Wednesday, March 15, 2006

Preparation

I've been required to do a LOT of preparation for this surgery, and I'm not done yet. I've had to go to a sleep doctor, and have a sleep study done to make sure that I don't have sleep apnea. That was TORTURE, let me tell you. It's very hard to sleep when you're covered with wires! My sleep study was a full 24 hour study. During the day, I was required to take a series of half-hour naps. They'd come in and wake me up after only half an hour, and that made me grumpy. Well, after all that, it turns out that I don't have sleep apnea, so I guess that's good to know, but I don't think it was worth what I had to go through to find out!

My surgeon also required me to see a dietician. He was very helpful in explaining what to expect after the surgery. He gave me a lot of information, and recommended certain products that would help me to remain healthy while my body starves to a smaller size. I will be limited to about 700 calories a day, but that will be easy to do at first, because the surgeon shrinks the stomach to only one ounce in size. Think about how small that is!

I also had to go see a psychologist, to make sure I was mentally ready for this surgery. I liked the psychologist that my surgeon recommended; he had obviously evaluated gastric bypass patients before! He knew about my concerns, and pointed out some things that I hadn't thought of. For example, one thing that I am concerned about involves my husband. He met me and fell in love with me at my current weight. Will his feelings for me change when I lose a large amount of weight? I will look very different, and I am afraid that he won't find me as attractive as before.

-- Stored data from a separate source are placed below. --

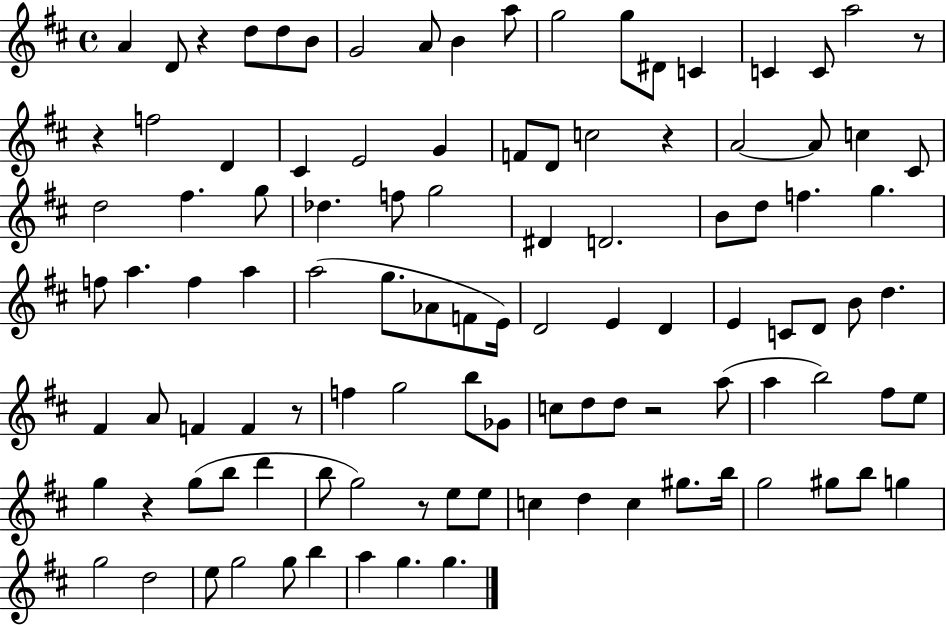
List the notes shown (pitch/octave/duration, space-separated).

A4/q D4/e R/q D5/e D5/e B4/e G4/h A4/e B4/q A5/e G5/h G5/e D#4/e C4/q C4/q C4/e A5/h R/e R/q F5/h D4/q C#4/q E4/h G4/q F4/e D4/e C5/h R/q A4/h A4/e C5/q C#4/e D5/h F#5/q. G5/e Db5/q. F5/e G5/h D#4/q D4/h. B4/e D5/e F5/q. G5/q. F5/e A5/q. F5/q A5/q A5/h G5/e. Ab4/e F4/e E4/s D4/h E4/q D4/q E4/q C4/e D4/e B4/e D5/q. F#4/q A4/e F4/q F4/q R/e F5/q G5/h B5/e Gb4/e C5/e D5/e D5/e R/h A5/e A5/q B5/h F#5/e E5/e G5/q R/q G5/e B5/e D6/q B5/e G5/h R/e E5/e E5/e C5/q D5/q C5/q G#5/e. B5/s G5/h G#5/e B5/e G5/q G5/h D5/h E5/e G5/h G5/e B5/q A5/q G5/q. G5/q.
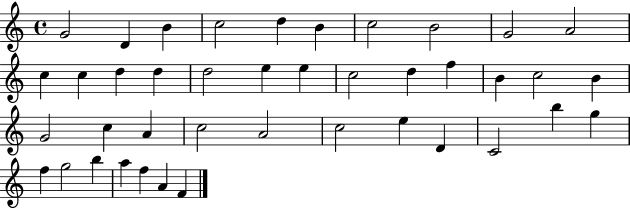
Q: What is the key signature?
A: C major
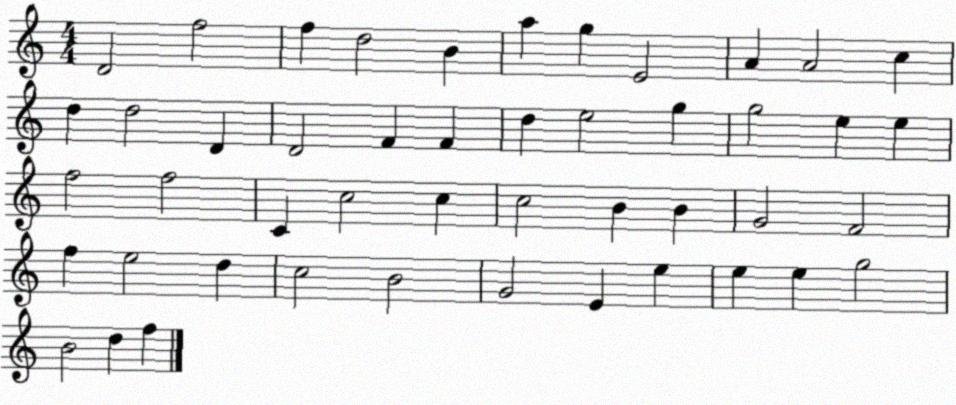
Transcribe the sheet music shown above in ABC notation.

X:1
T:Untitled
M:4/4
L:1/4
K:C
D2 f2 f d2 B a g E2 A A2 c d d2 D D2 F F d e2 g g2 e e f2 f2 C c2 c c2 B B G2 F2 f e2 d c2 B2 G2 E e e e g2 B2 d f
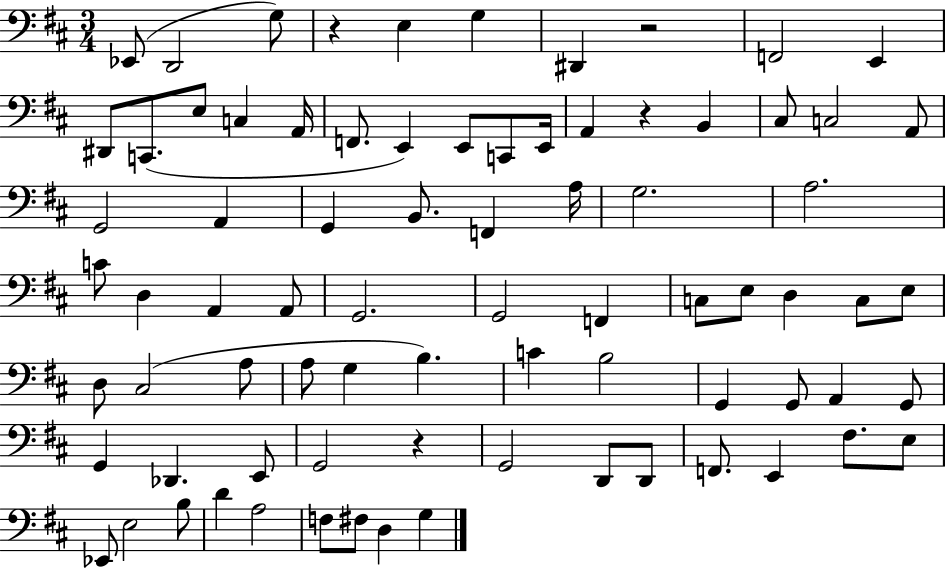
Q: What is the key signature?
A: D major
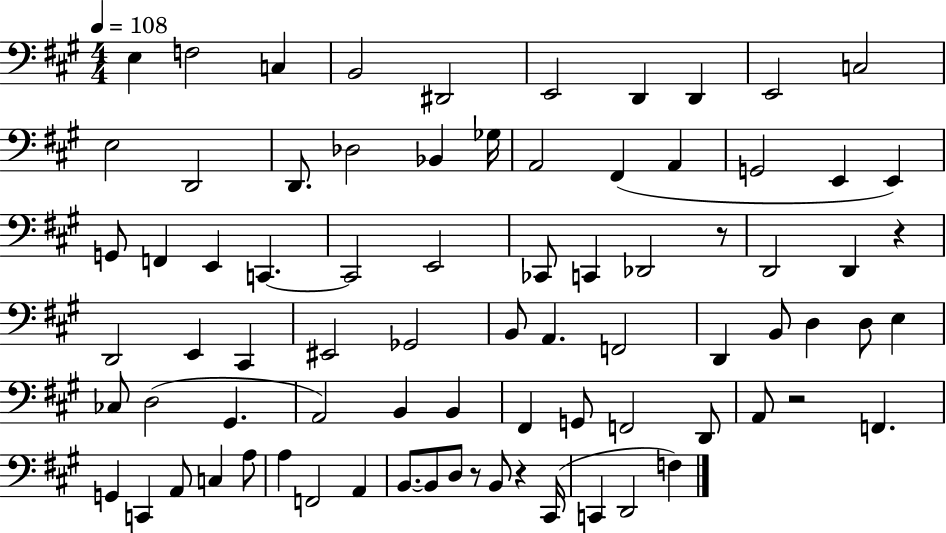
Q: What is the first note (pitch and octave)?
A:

Other issues that I deal with on a daily basis: fitting into seats. My hips are wide enough that sometimes I don't fit into seats very well. I have been bruised by seats before. I'm nervous every time I fly, because the seatbelts are so tight. On some airlines, the belts don't fit, and I hide my lap under a jacket so that the attendants don't make a big deal about it. On others, I have to struggle to make them fit, and I think that everyone is staring at me while I do it.

Apparently the shock of losing a significant amount of weight can take a large psychological toll on a person. I have been large my whole life, and have dealt with a lot of discrimination as a result. Will I resent being treated more fairly when I'm smaller? I wonder...

Now, tomorrow, I have to go have some labs done. I have to fast, and since I work until 2:30, I am going to be very hungry by the time the labs are done. I also have to have a gallbladder ultrasound, a chest x-ray, and an EKG. Once all those are done, I can relax somewhat. My pre-op appointment is scheduled for Monday, March 27th. That's when I'll discuss specifics with the surgeon about all the little details.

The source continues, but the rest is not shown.